The velocity of an object is found to be 𝑣(𝑡) = 12√𝑡 + 4 meters per second at time 𝑡
seconds. If at time 𝑡 = 1 seconds, the object is located at position 𝑠(1) = 1 meters, find the
position of the object at time 𝑡 = 4 seconds.
s(t) = 8t^(3/2) + 4t + c
use s(1) = 1 to find c
then find s(4)
yes, C = -11, but you do play fast and loose with those = signs ...
To find C, I can do this right?
y=8t^(3/2) + 4t + C = 1 = 8(1^(3/2)) + 4(1) + C = -11
To find the position of the object at time t = 4 seconds, we need to integrate the velocity function over the time interval [1, 4].
The given velocity function is:
v(t) = 12√t + 4
To integrate the velocity function, we will use the power rule of integration, which states that the integral of x^n with respect to x is (1/(n+1)) * x^(n+1) + C, where C is the constant of integration.

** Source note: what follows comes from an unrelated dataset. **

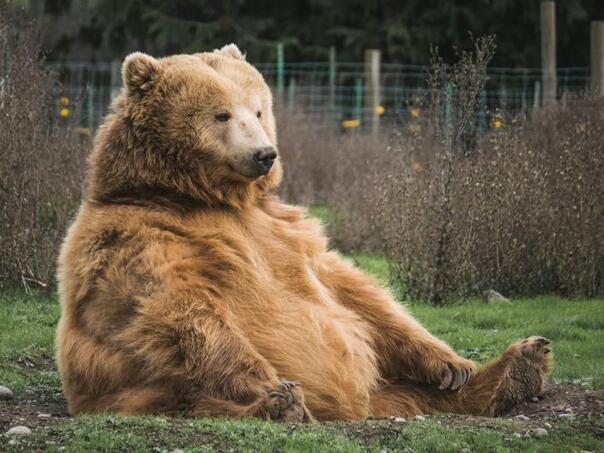 In the village near Sanski Most, bear killed a cow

Integrating v(t) with respect to t:
∫v(t) dt = ∫(12√t + 4) dt
Applying the power rule:
= (12/2) * (√t)^2 + 4t + C
= 6t + 4t + C
= 10t + C
Now, we need to evaluate the integral with the given endpoints: t = 1 and t = 4.
Evaluating at t = 4:
s(4) = 10(4) + C
To find the constant of integration (C), we can use the given information that the object is located at position s(1) = 1 meter at time t = 1 second. Plugging in these values into the position function s(t), we get:
s(1) = 10(1) + C
1 = 10 + C
C = -9
Now, plugging in the value of C into the position function:
s(4) = 10(4) + (-9)
Calculating:
s(4) = 40 - 9
s(4) = 31 meters
Therefore, the position of the object at time t = 4 seconds is 31 meters.